When I left there a few months ago, they hadn’t yet “discovered” log-based UFS for Solaris, so any power outage included at least a 3-4hour additional downtime for fsck and/or tape restores because of the corruption.

I get the feeling that their mail infrastructure was running pretty dangerously close to the “tipping-point” recently anyway, what with increases in spam and volume. They even had some unfortunate incident recently where somebody hacked a ton of accounts and used webmail to send out a boatload of spam through the authenticated servers. This had the effect of getting MIT’s outgoing mail servers on some blacklists out there for a while.
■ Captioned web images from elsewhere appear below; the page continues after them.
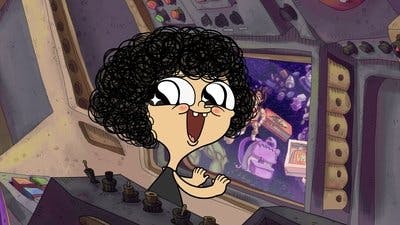 Assistir Jorel’s Brother Temporada 5 Episódio 16 Online em HD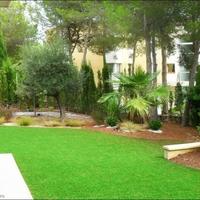 Flat in Spain, Balearic Islands, Palma, 180 sq.m.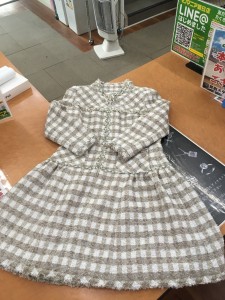 Rene ルネ ワンピース 買取しました モノマニア朝日店 リユースショップ モノマニアグループ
<TECHY SPEAK&gt When a mail system is running without much overhead space, the deluge of queued mail from the internets will definitely send it into the weeds after even a brief outage. I don’t envy the task of the folks trying to bring it back up, because it’s a bit of a spiraling problem. A deluge of incoming messages overtakes the busy server, and the mail queues get long. As the queues get long, they take longer to process. This can be combated (at least in sendmail) by adding additional servers, multiplexing your queue directories into subdirectories for qf,df,xf files. On a busy mail system it also might become necessary to have up to a dozen separate sendmail queues with the properly tuned number of queue runners each (new in sendmail 8.12 or thereabouts), and with queue groups dedicated to a specific subset of your mail load either randomly, or sorted by destination, or both.</TECHY SPEAK&gt

I wonder what the chances are that the couple of folks who run the mail system over there have already done all of this, or are even using a relatively modern version of sendmail, or another MTA. Anyway, I remember back before we took these steps on the UIUC email system, an outage of an hour or so would back things up for several hours. Computers generally don’t like doing anything in directories with 50,000+ files in them.

Maybe I should call the powers-that-be over there and ask if they could use some consulting help? (Just kidding. You guys are great. Well, most of you at least. Well, some of you at least.)

  1. #1 by 1/2 Two Grim Dudes on November 2, 2006 - 8:15 pm

    You misplaced your [techy speak] tags. They should bookend this entire POS entry.
    Also, amusing that MIT is having email server issues.
    -Libberal Ahts Majah

  2. #2 by benoc on November 2, 2006 - 11:18 pm

    Hmmmm maybe I should have taged the entire entry “not for rubes like 1/2”!